[Image-caption web data]

───

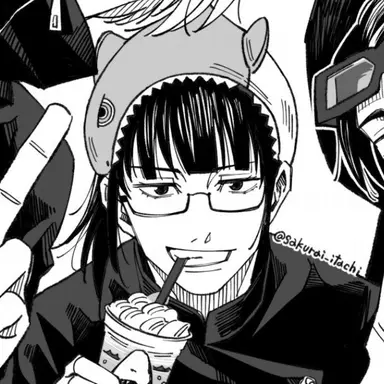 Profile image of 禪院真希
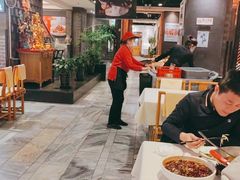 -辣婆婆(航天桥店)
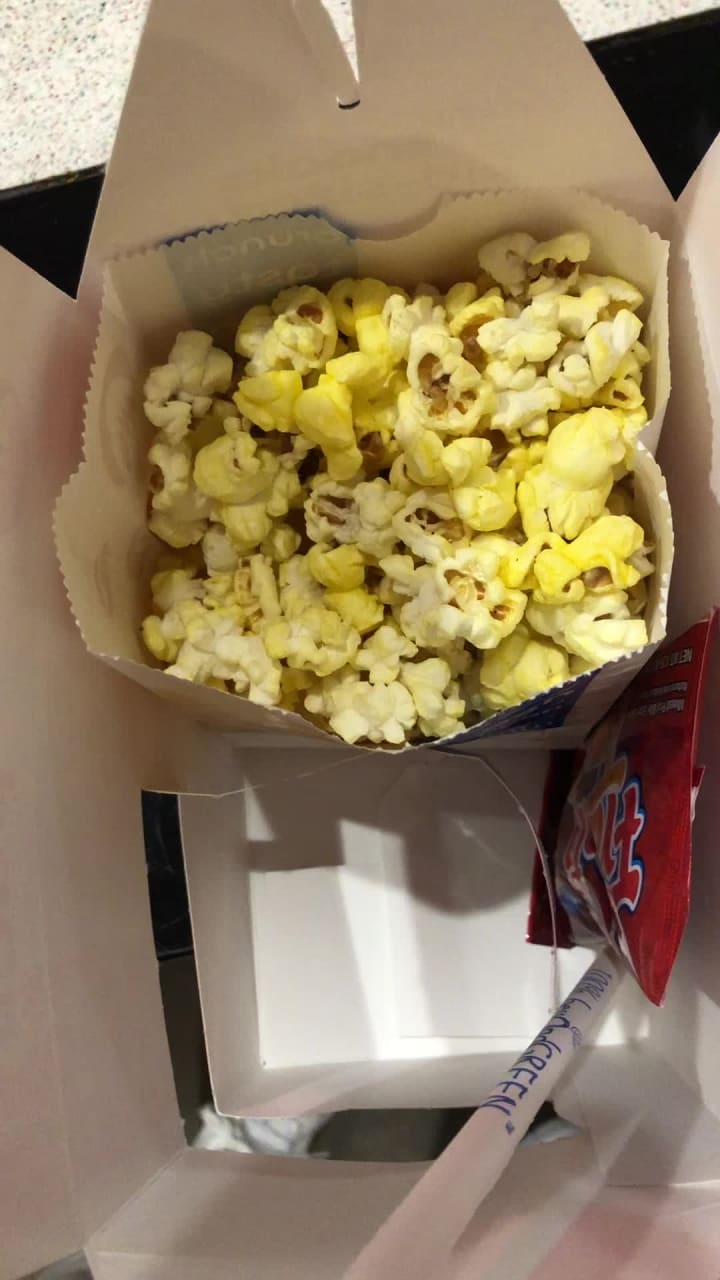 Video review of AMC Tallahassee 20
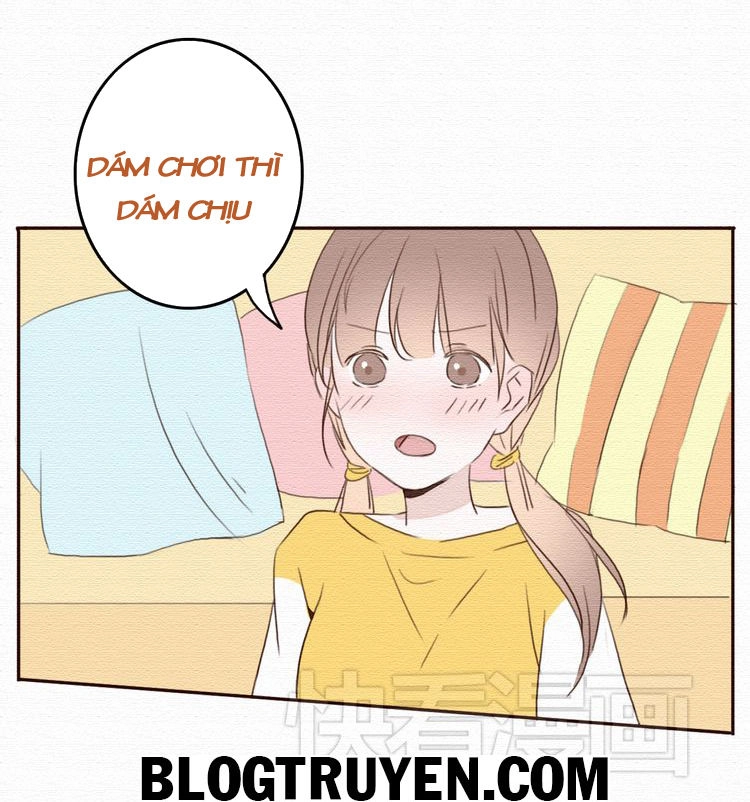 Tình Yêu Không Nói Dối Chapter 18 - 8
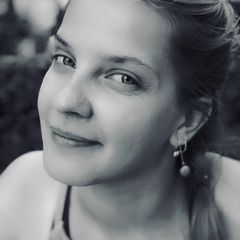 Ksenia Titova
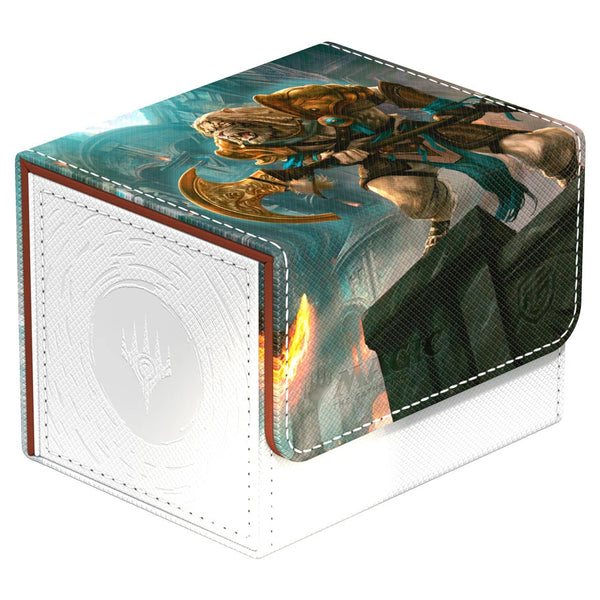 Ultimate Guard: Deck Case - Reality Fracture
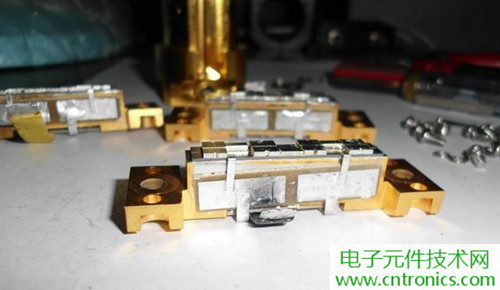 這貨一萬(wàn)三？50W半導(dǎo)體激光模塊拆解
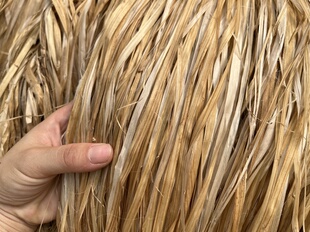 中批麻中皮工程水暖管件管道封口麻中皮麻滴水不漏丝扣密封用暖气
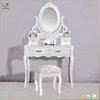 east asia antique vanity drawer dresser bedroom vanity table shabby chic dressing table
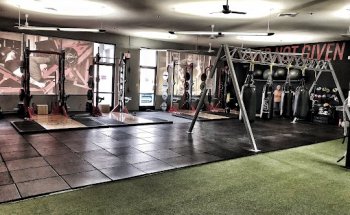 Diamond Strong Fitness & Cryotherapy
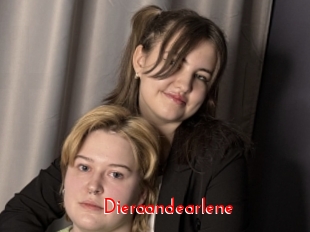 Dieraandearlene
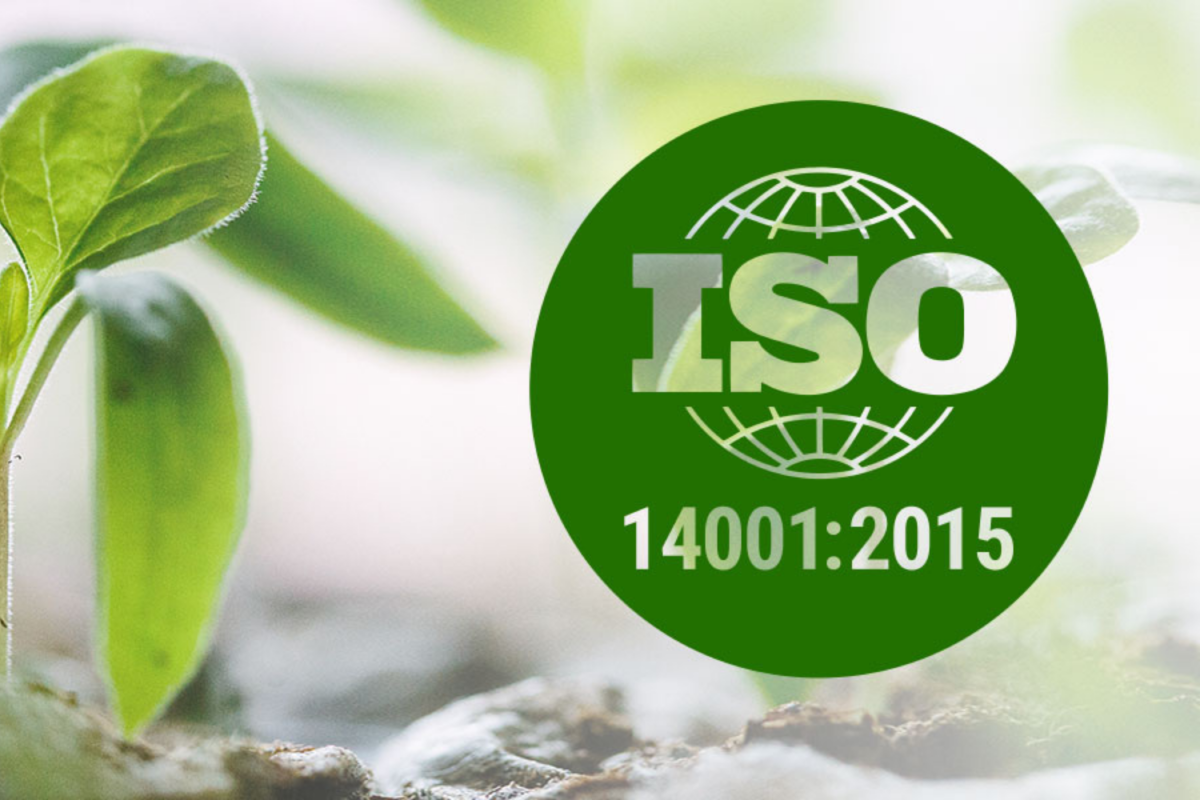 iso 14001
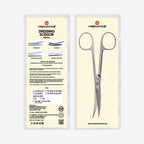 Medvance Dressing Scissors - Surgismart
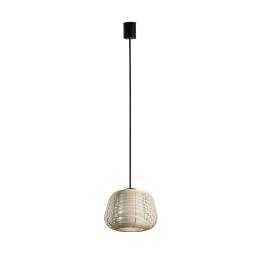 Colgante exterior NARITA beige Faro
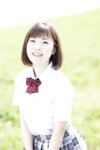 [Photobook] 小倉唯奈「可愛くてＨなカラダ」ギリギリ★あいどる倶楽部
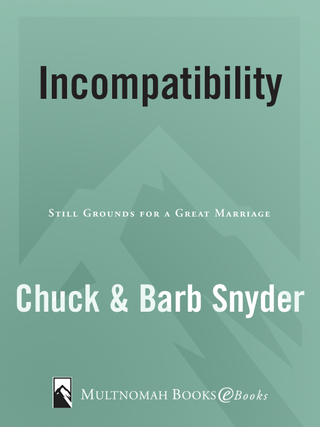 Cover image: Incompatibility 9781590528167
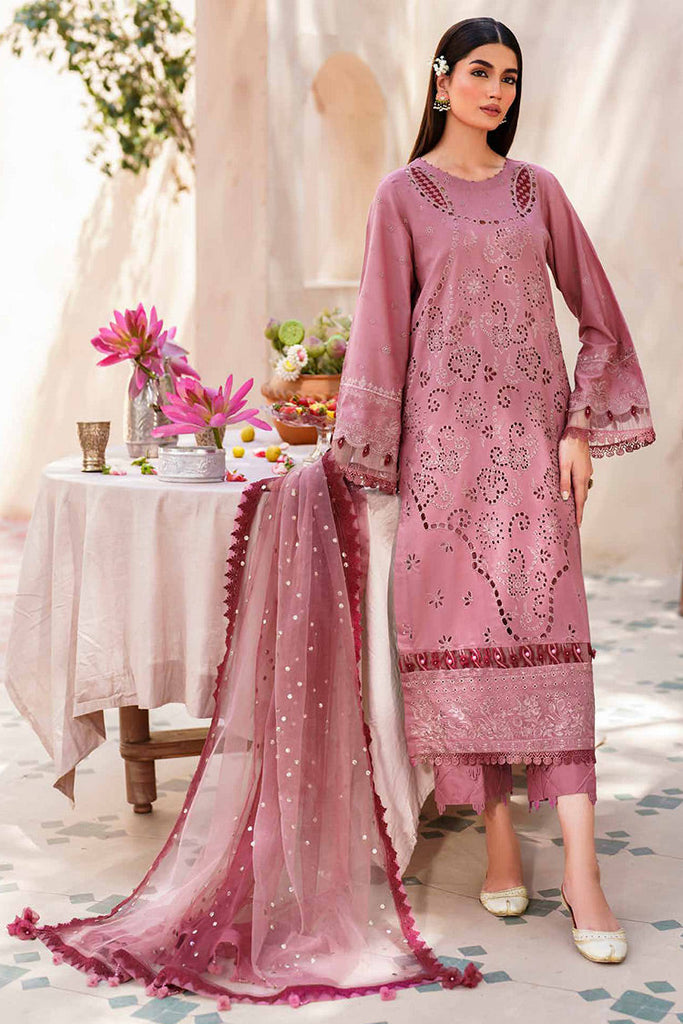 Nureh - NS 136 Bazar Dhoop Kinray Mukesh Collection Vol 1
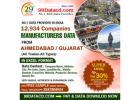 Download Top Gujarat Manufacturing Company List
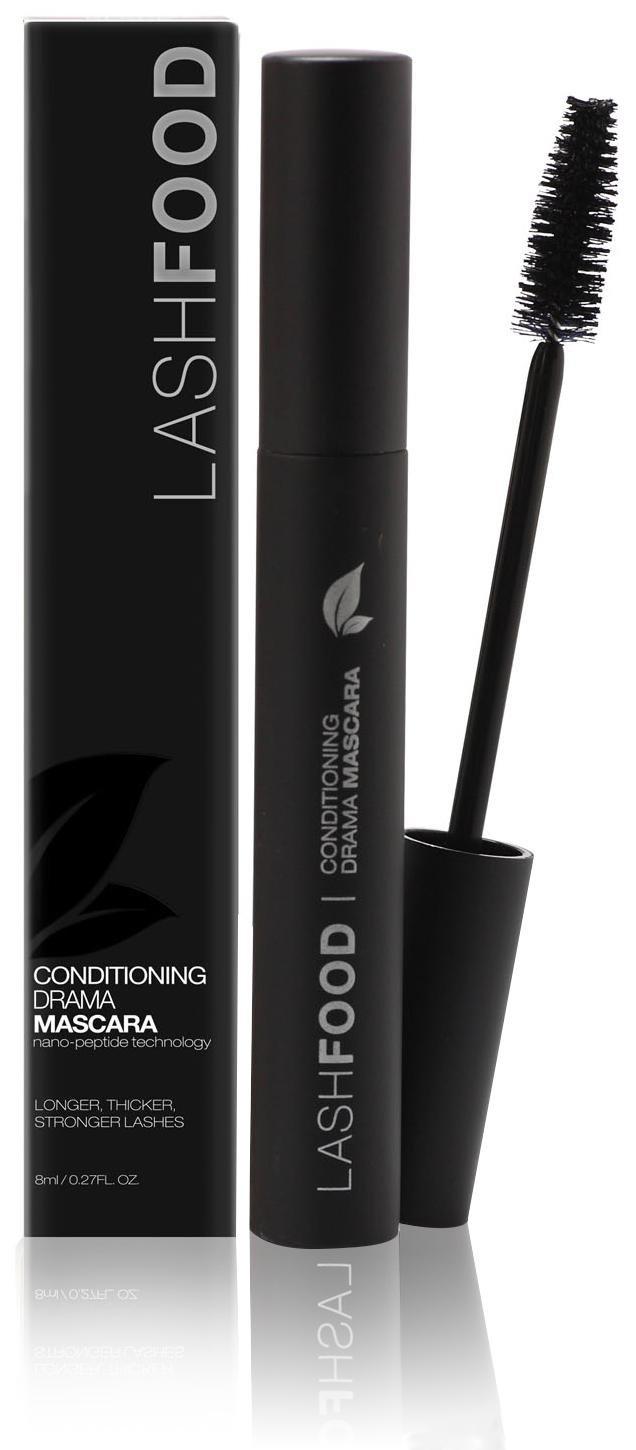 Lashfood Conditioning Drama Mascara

───

■ **Exercise directions**:
Each line of the data above must be reproduced as written. Skip the pictures.

■ **Answer to this problem**:
 Profile image of 禪院真希
 -辣婆婆(航天桥店)
 Video review of AMC Tallahassee 20
 Tình Yêu Không Nói Dối Chapter 18 - 8
 Ksenia Titova
 Ultimate Guard: Deck Case - Reality Fracture
 這貨一萬(wàn)三？50W半導(dǎo)體激光模塊拆解
 中批麻中皮工程水暖管件管道封口麻中皮麻滴水不漏丝扣密封用暖气
 east asia antique vanity drawer dresser bedroom vanity table shabby chic dressing table
 Diamond Strong Fitness & Cryotherapy
 Dieraandearlene
 iso 14001
 Medvance Dressing Scissors - Surgismart
 Colgante exterior NARITA beige Faro
 [Photobook] 小倉唯奈「可愛くてＨなカラダ」ギリギリ★あいどる倶楽部
 Cover image: Incompatibility 9781590528167
 Nureh - NS 136 Bazar Dhoop Kinray Mukesh Collection Vol 1
 Download Top Gujarat Manufacturing Company List
 Lashfood Conditioning Drama Mascara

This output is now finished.